■ **Exercise data**:
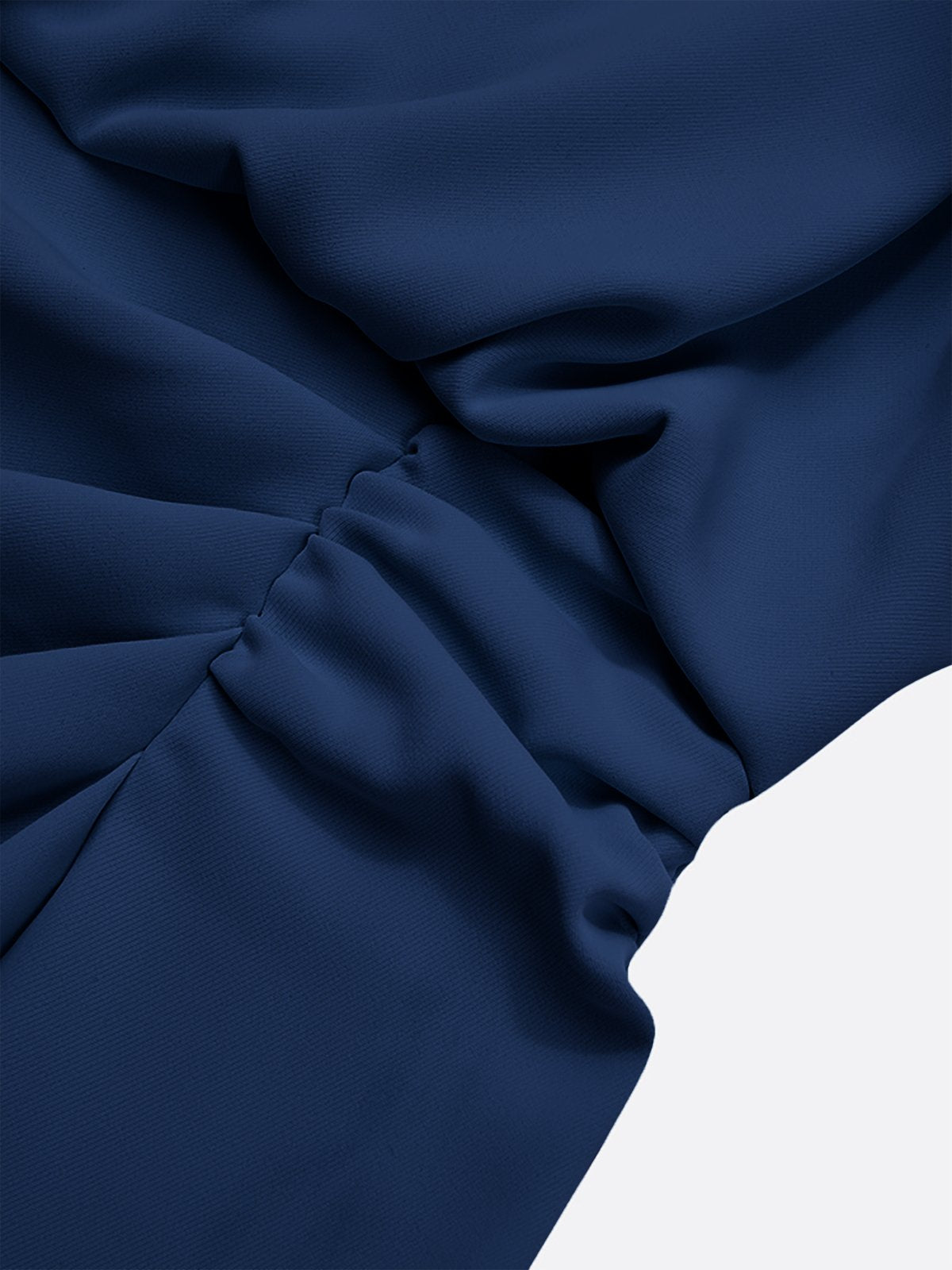 Lizbet | Vestido midi de diseño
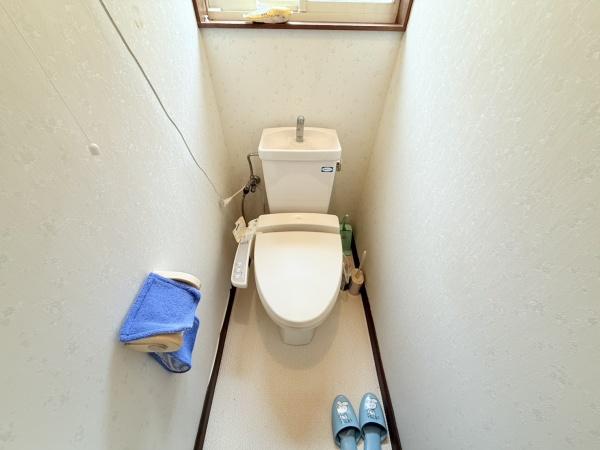長生郡一宮町一宮の中古一戸建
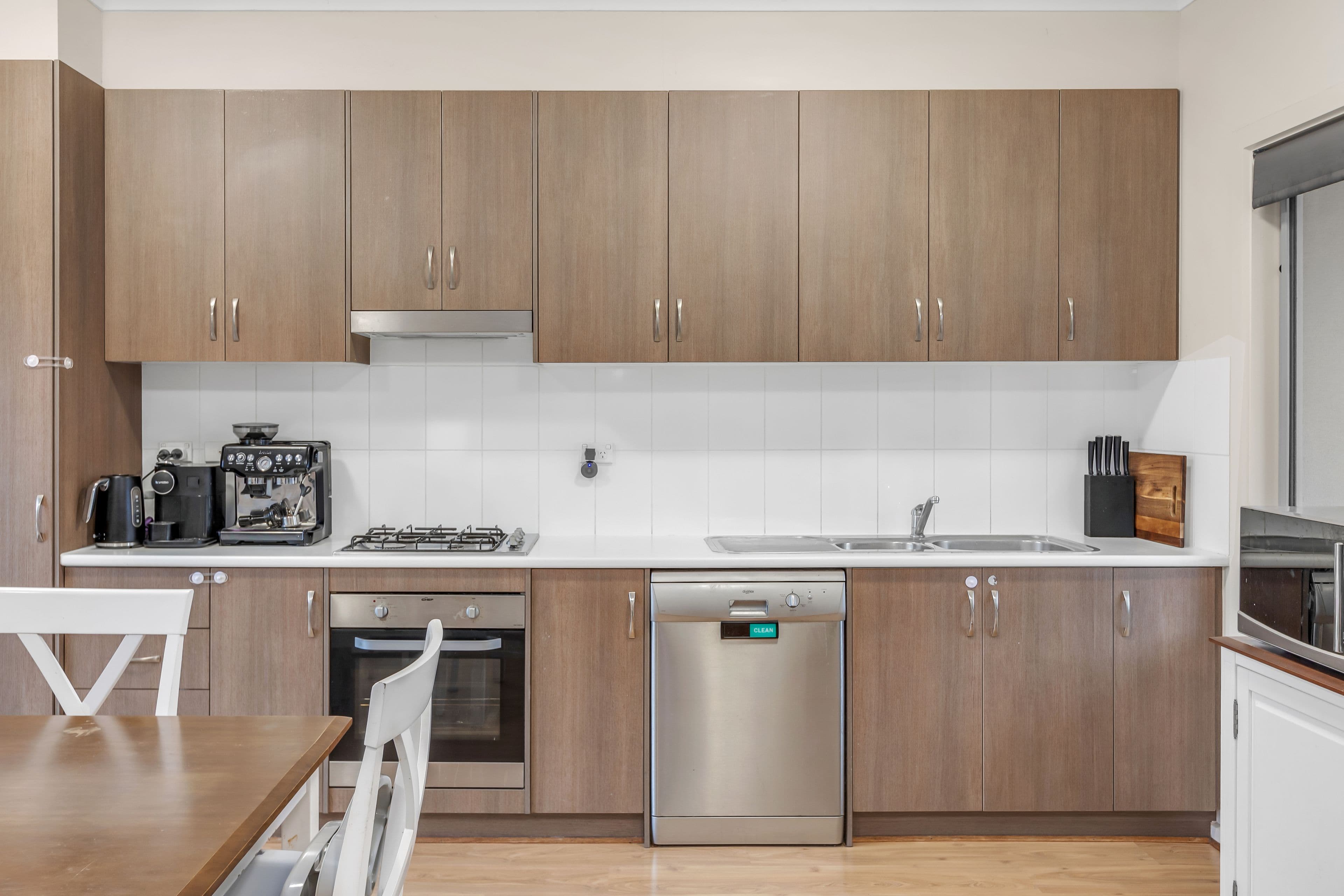 3 Adair Street, Munno Para SA 5115, Munno Para - Thumbnail 5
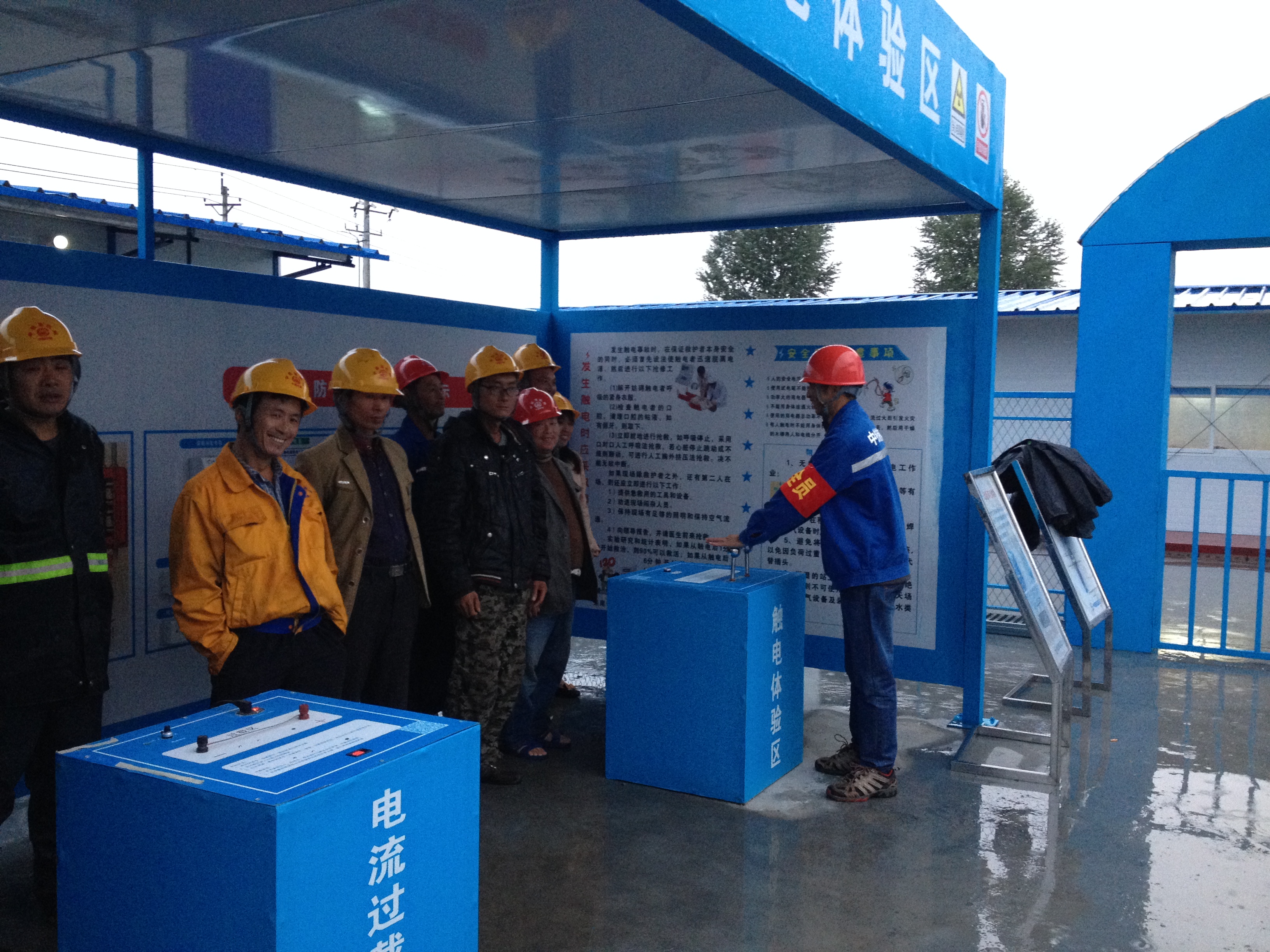 西寧西城大街最新動態(tài)揭秘，指南帶你掌握最新進展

■ **What you will do**: Only text belongs in the copy: repeat each line of the data exactly and leave out the pictures.

■ **Response box**:
 Lizbet | Vestido midi de diseño
長生郡一宮町一宮の中古一戸建
 3 Adair Street, Munno Para SA 5115, Munno Para - Thumbnail 5
 西寧西城大街最新動態(tài)揭秘，指南帶你掌握最新進展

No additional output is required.